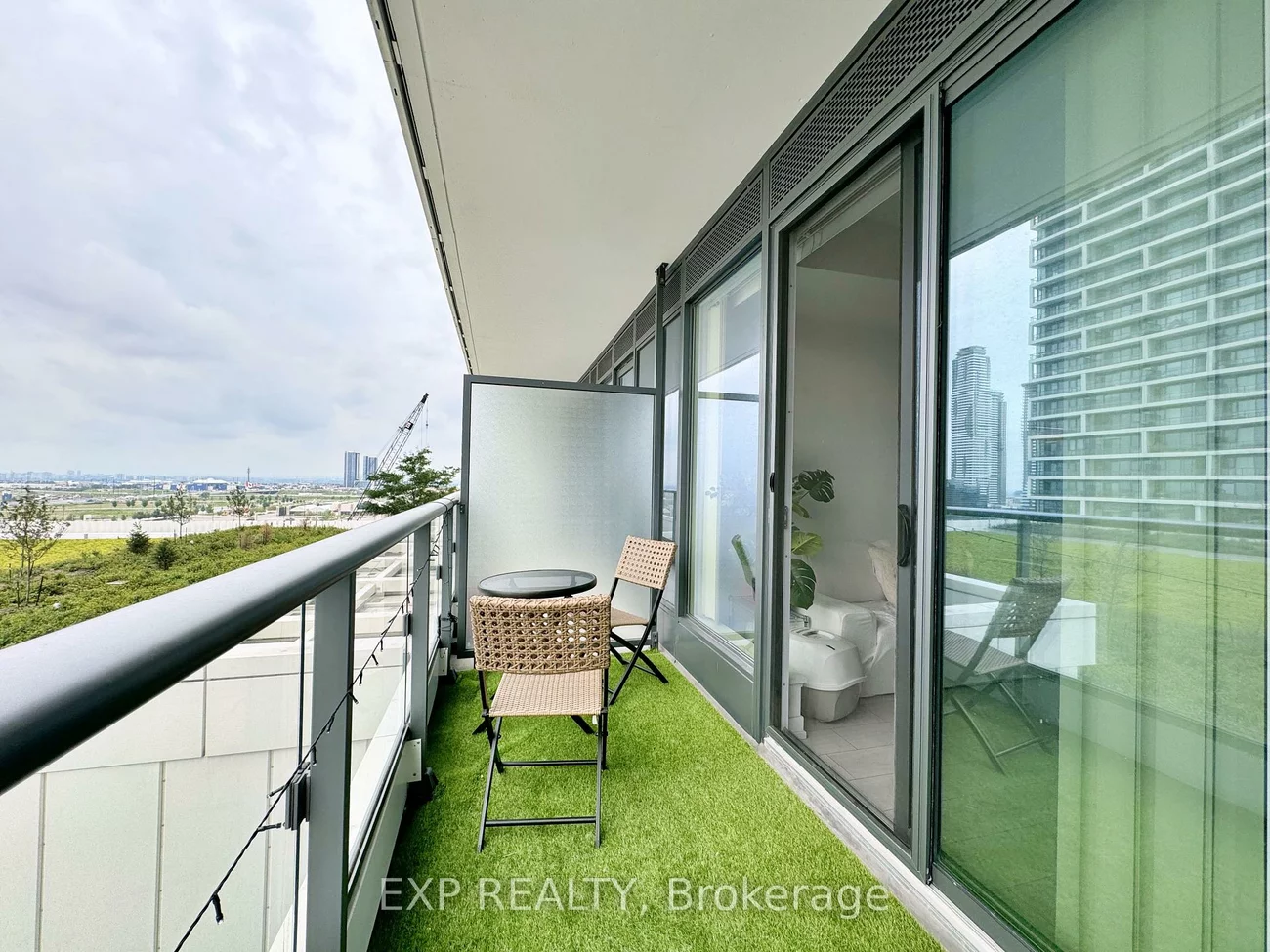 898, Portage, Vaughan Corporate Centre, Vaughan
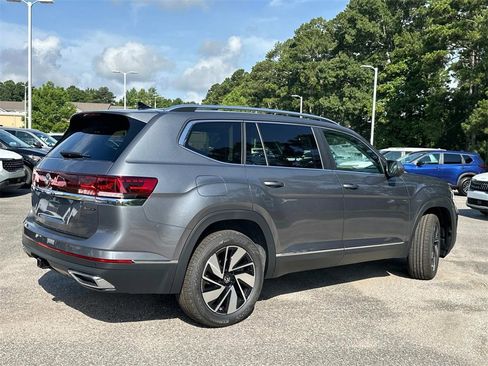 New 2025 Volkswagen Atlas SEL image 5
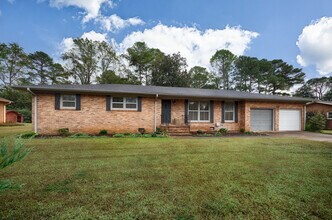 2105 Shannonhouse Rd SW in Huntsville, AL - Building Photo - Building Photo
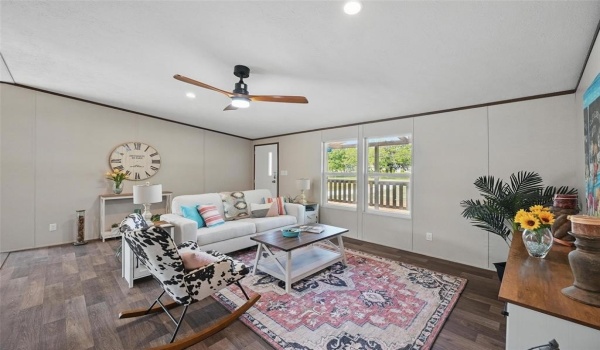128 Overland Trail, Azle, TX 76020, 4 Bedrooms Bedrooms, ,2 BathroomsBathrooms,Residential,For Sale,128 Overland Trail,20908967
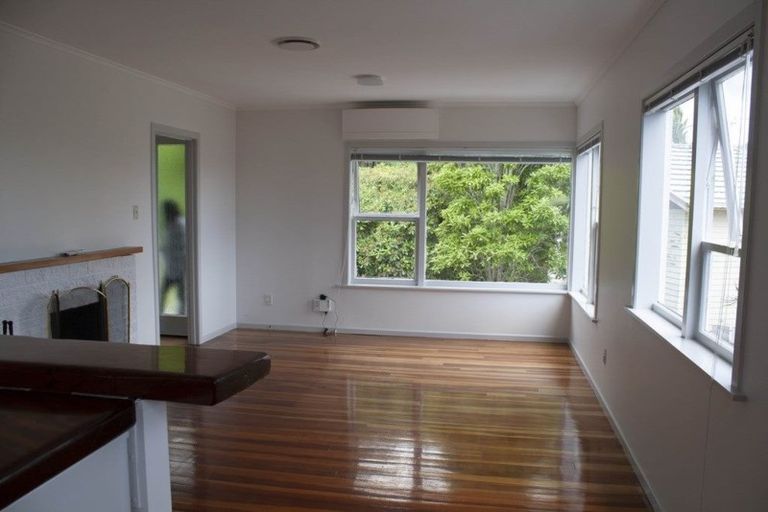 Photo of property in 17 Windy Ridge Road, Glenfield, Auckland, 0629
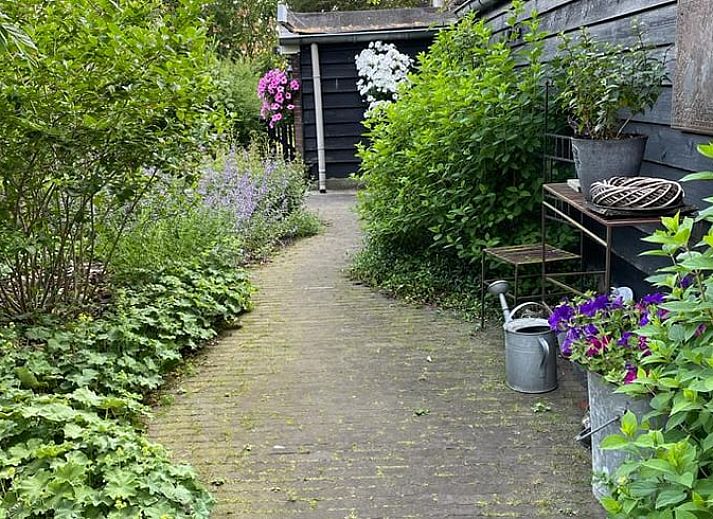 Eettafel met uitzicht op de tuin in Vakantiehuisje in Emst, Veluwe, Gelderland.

__________________________________________________

## Directions for this task
Output, exactly and only: the line containing "128 Overland Trail, Azle, TX", the last line of the listing above, and every line in between. Leave the pictures out.

## Solution to this task
128 Overland Trail, Azle, TX 76020, 4 Bedrooms Bedrooms, ,2 BathroomsBathrooms,Residential,For Sale,128 Overland Trail,20908967
 Photo of property in 17 Windy Ridge Road, Glenfield, Auckland, 0629
 Eettafel met uitzicht op de tuin in Vakantiehuisje in Emst, Veluwe, Gelderland.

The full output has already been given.